Data records:
===

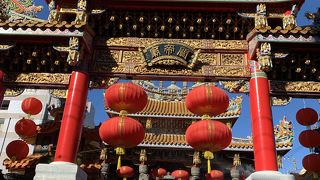 お線香を購入する。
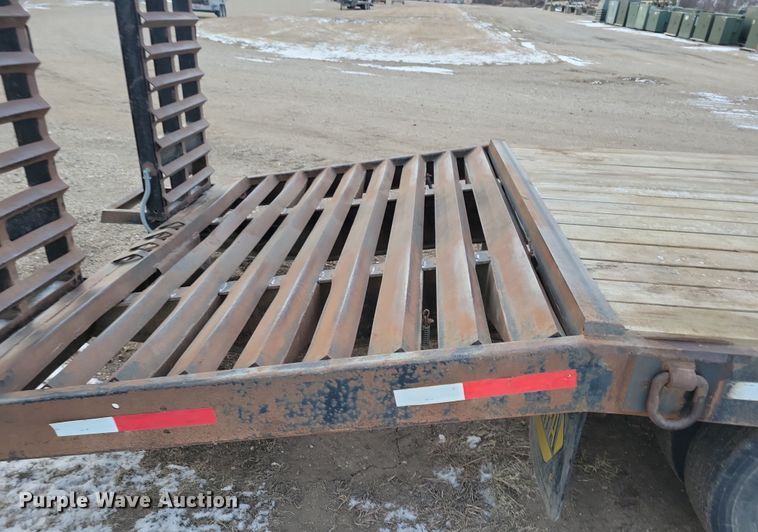 image for item OH9475 1997 Towmaster T30 equipment trailer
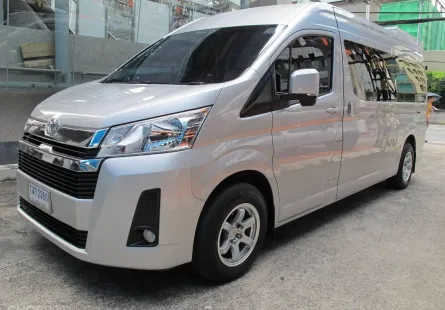 2020 Toyota COMMUTER 2.8  หลังคาสูง รถตู้สวยสภาพใหม่ มือเดียว เช็คศูนย์ตลอด  ฟรีดาวน์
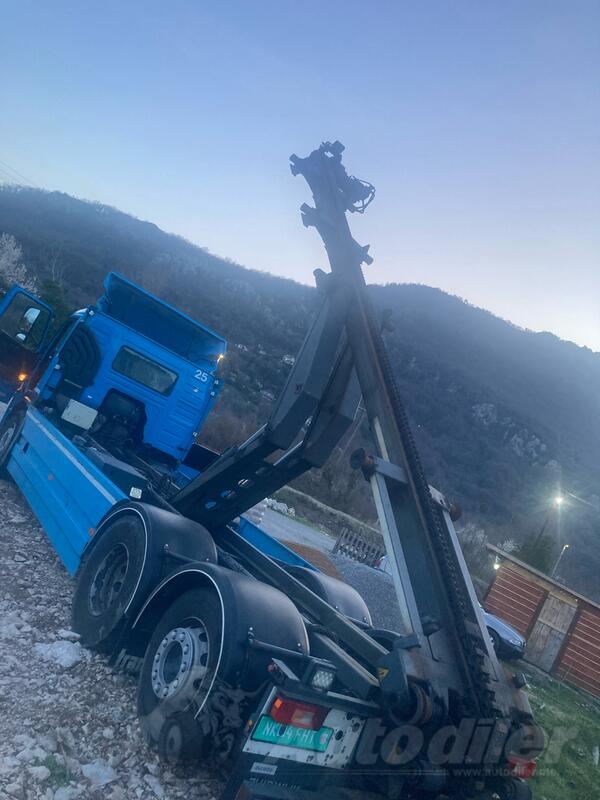 Volvo - Sistem za navlacenje kontejnera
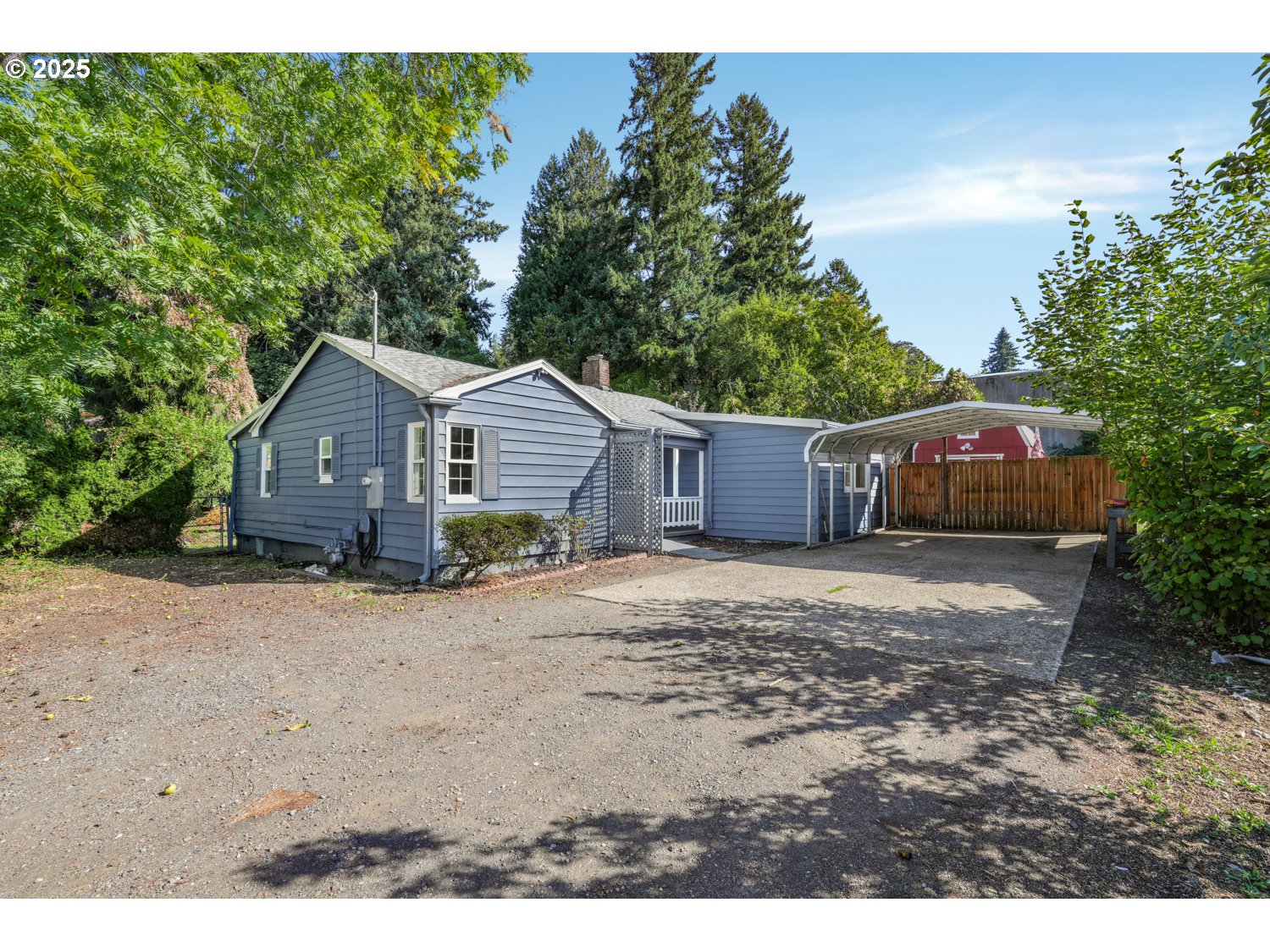 8940 Se Stanley Pl Property Photo 1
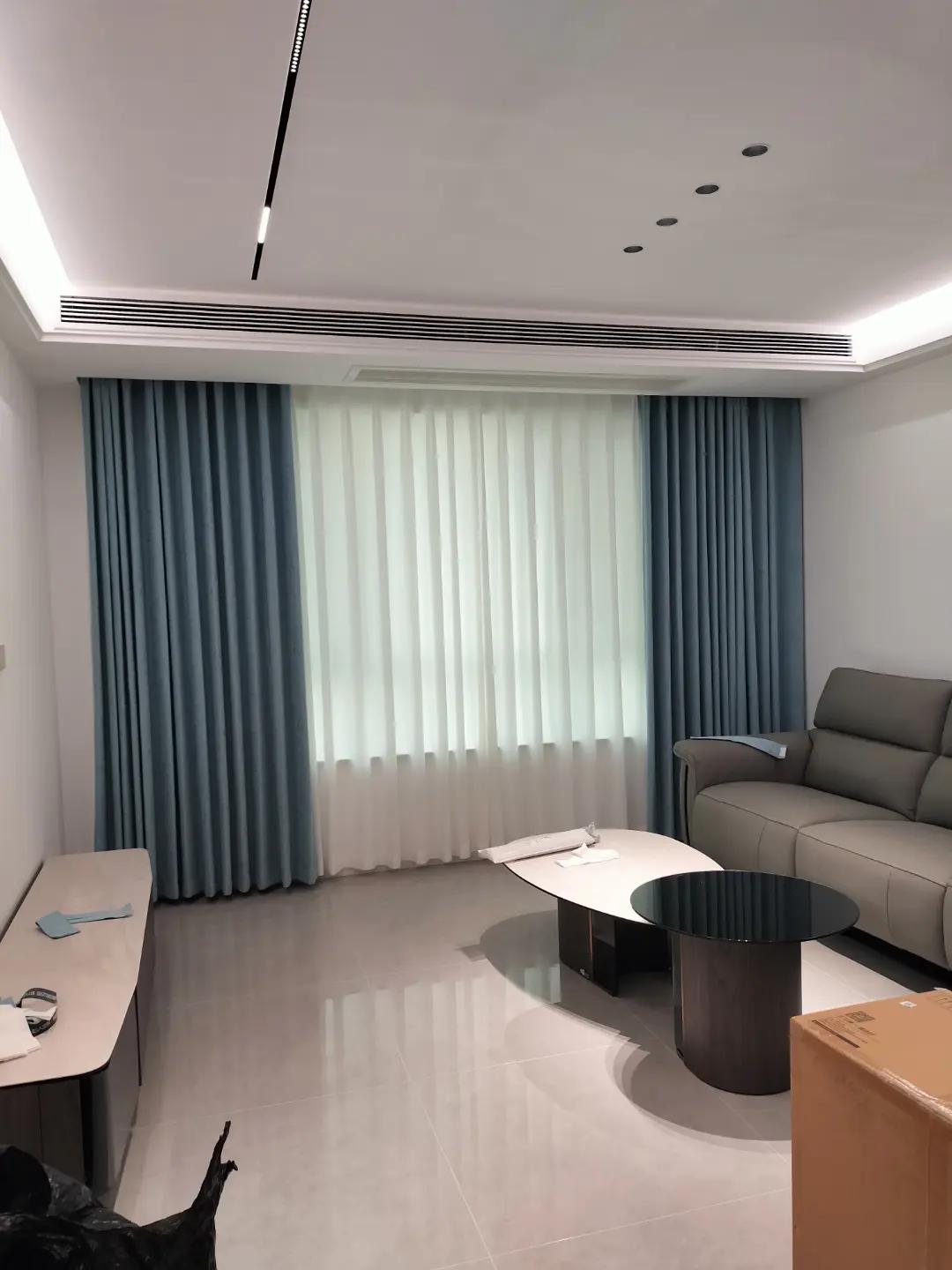 无语了，刚才看到有一个人买了新窗帘，在网上晒他的窗帘单子，结果评论区就有窗帘商家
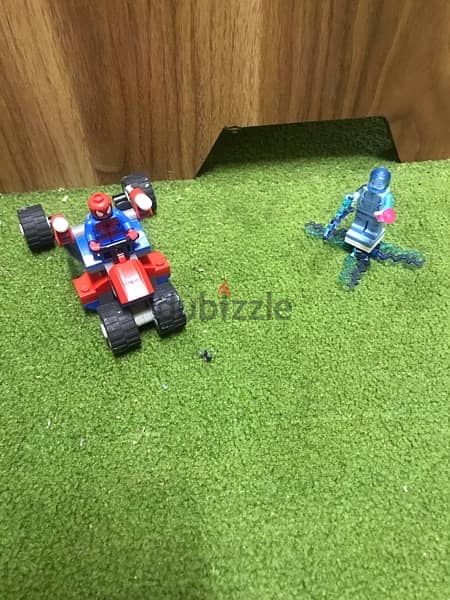 lego 76014 spider-trike vs electro (marvel) 1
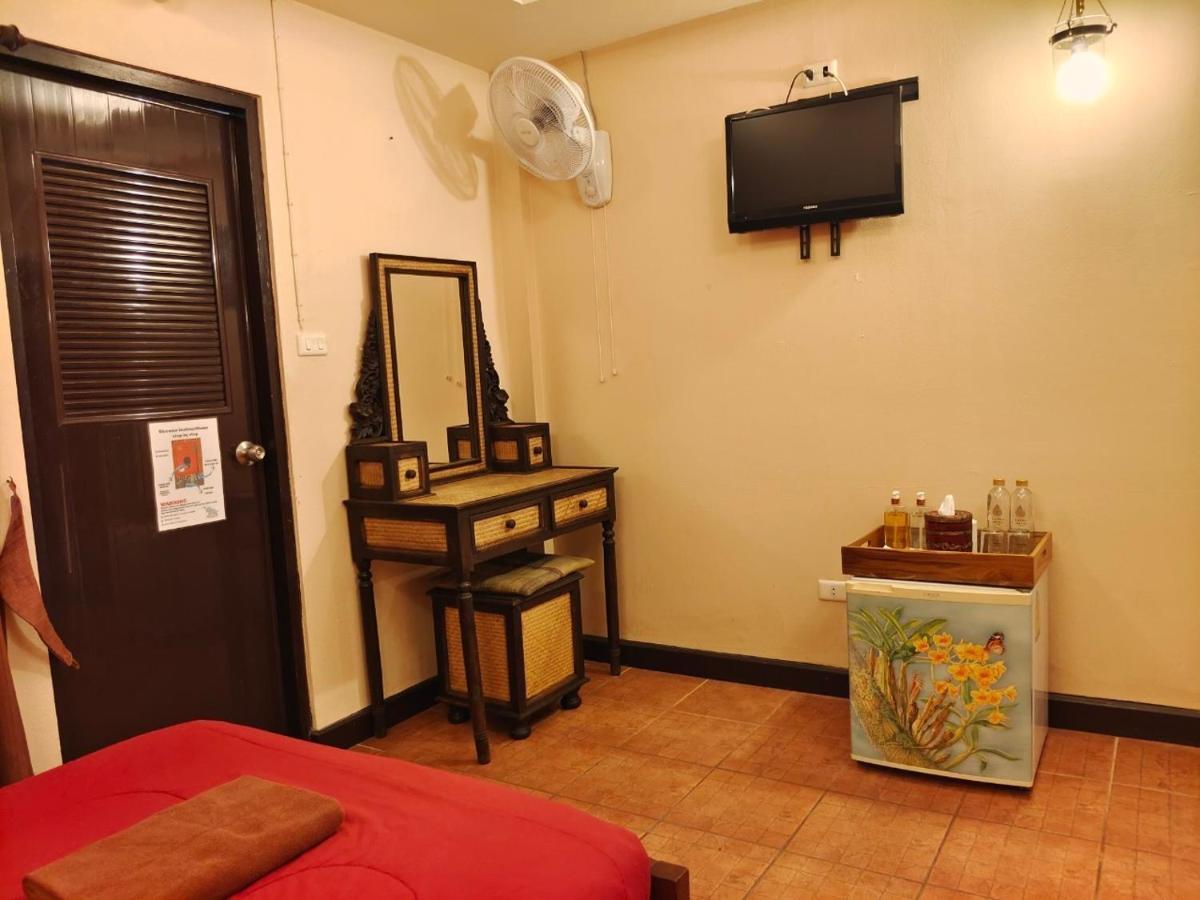 Wualai Boutique By Lanna Oriental Hotel Chiang Mai Bagian luar foto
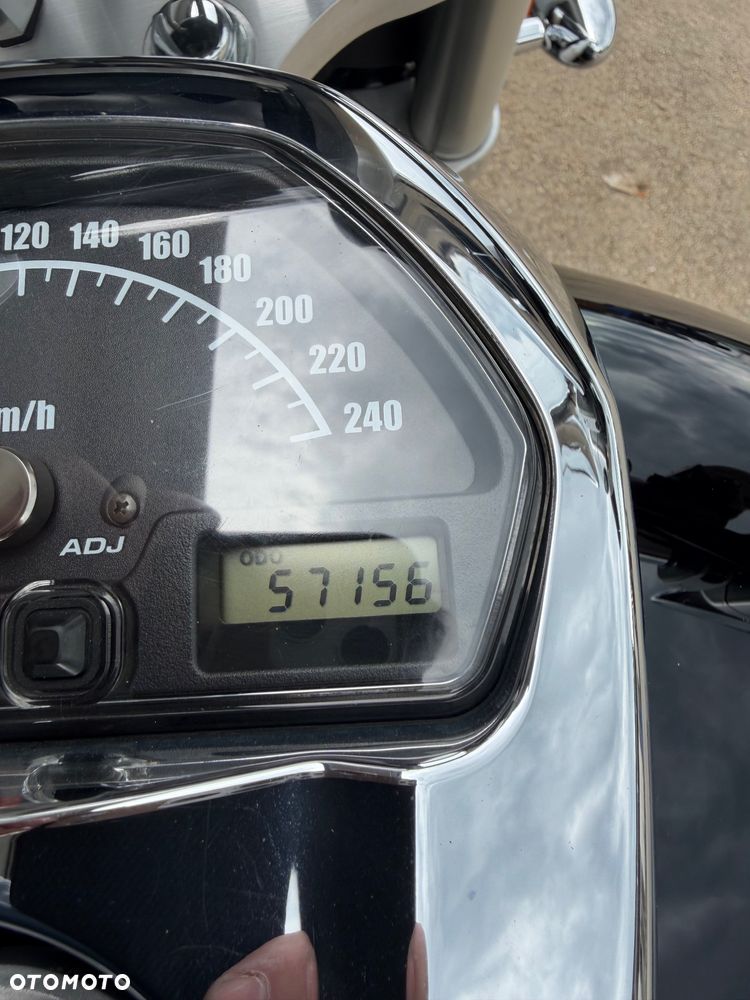 Suzuki Intruder - 5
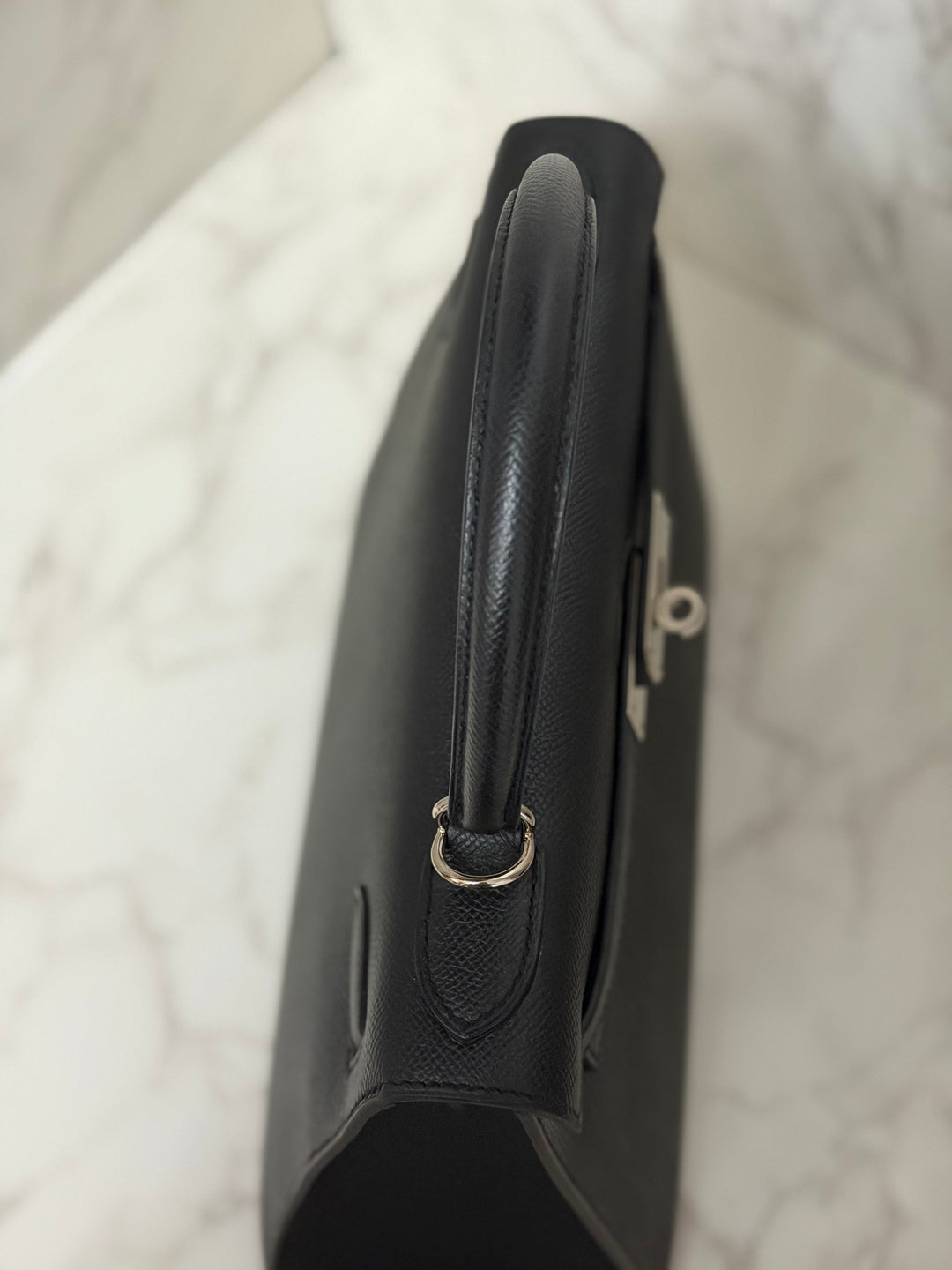 HERMES Black Noir Sellier Epsom Leather PHW Kelly 28 Stamp R 2014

===

● Work instruction:
Please transcribe the entries exactly, omitting the images.

● Output for this task:
 お線香を購入する。
 image for item OH9475 1997 Towmaster T30 equipment trailer
 2020 Toyota COMMUTER 2.8  หลังคาสูง รถตู้สวยสภาพใหม่ มือเดียว เช็คศูนย์ตลอด  ฟรีดาวน์
 Volvo - Sistem za navlacenje kontejnera
 8940 Se Stanley Pl Property Photo 1
 无语了，刚才看到有一个人买了新窗帘，在网上晒他的窗帘单子，结果评论区就有窗帘商家
 lego 76014 spider-trike vs electro (marvel) 1
 Wualai Boutique By Lanna Oriental Hotel Chiang Mai Bagian luar foto
 Suzuki Intruder - 5
 HERMES Black Noir Sellier Epsom Leather PHW Kelly 28 Stamp R 2014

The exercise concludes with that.